— Не дури мне голову, Асторре. Вот что я тебе скажу. Я провел анализ. Убийство отца тщательно готовилось. Возможно, с ним рассчитались за какие-то старые грехи. И я подумал о том, почему ты получил контроль над банками. Старик все просчитывал наперед. То есть у него был план и на случай насильственной смерти. Я в этом не сомневаюсь. Дон назначил тебя главой семьи. Как это можно трактовать? Однозначно. Ты получил соответствующую подготовку, ты был „спящим“ агентом отца, который активизируется только в критический момент. Одиннадцать лет твоей жизни покрыто мраком. Твоя легенда слишком хороша, чтобы соответствовать действительности… музыкант-любитель, поклонник верховой езды.
И эта плоская золотая цепь, которую ты носишь, не снимая. Возникают вопросы, знаешь ли. — Он помолчал, глубоко вдохнул. — Как тебе мой анализ?
— Очень глубокий, — ответил Асторре. — Надеюсь, ты ни с кем не будешь им делиться?
— Безусловно, — кивнул Валерий. — Но тогда получается, что ты очень опасный человек. И способен на крайние меры. Только учти, легенда у тебя хлипкая, долго она не протянет.

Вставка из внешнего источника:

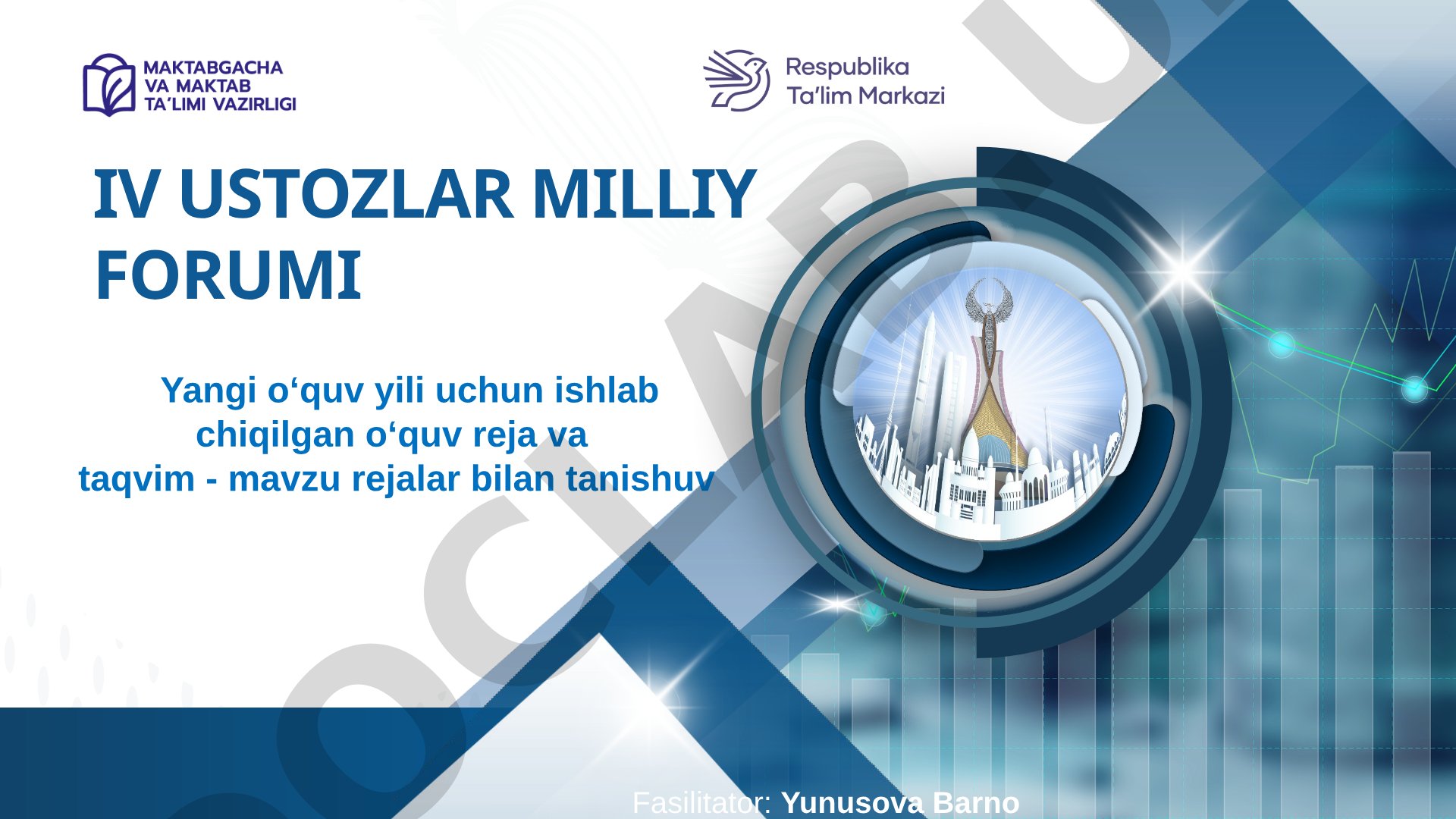 2025–2026 o‘quv yili o‘quv reja va taqvim-mavzu rejalar bilan tanishuv
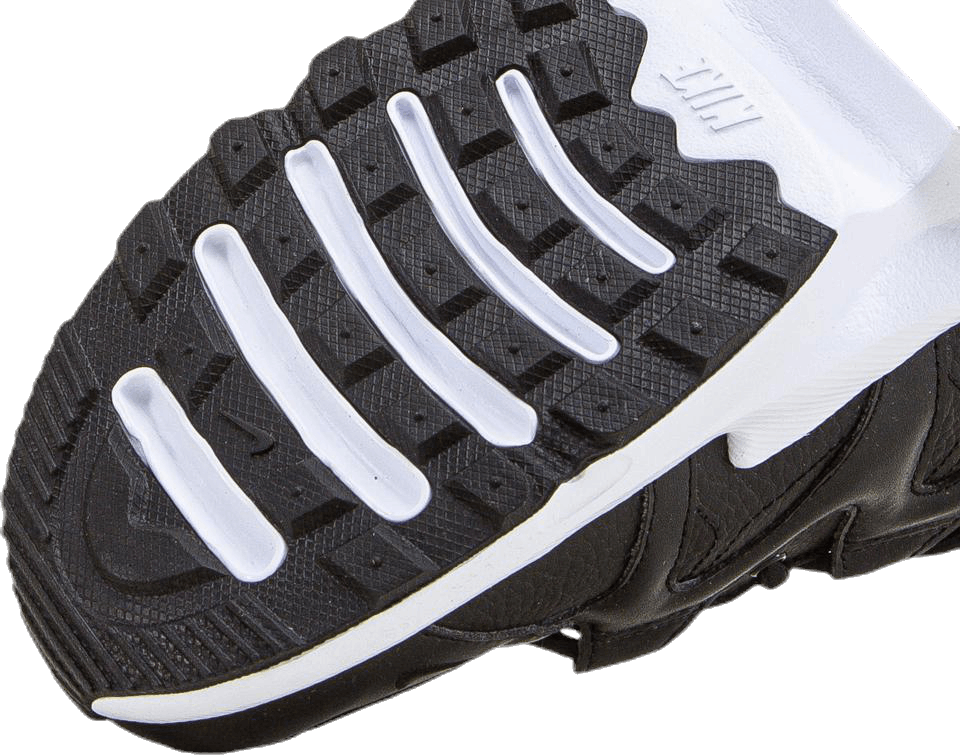 Air Max Graviton Lea Vit/Svart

Что касается помощи… Я очень доволен своей жизнью и всегда выступал против тех принципов, которые, по моим предположениям, исповедуешь ты. Поэтому на данный момент на мою помощь не рассчитывай. Если что-то изменится, я с тобой свяжусь.
В приемную вышла женщина» чтобы проводить Асторре в кабинет. Николь обняла его, поцеловала. Она по-прежнему питала к нему нежные чувства: давний роман не оставил шрамов.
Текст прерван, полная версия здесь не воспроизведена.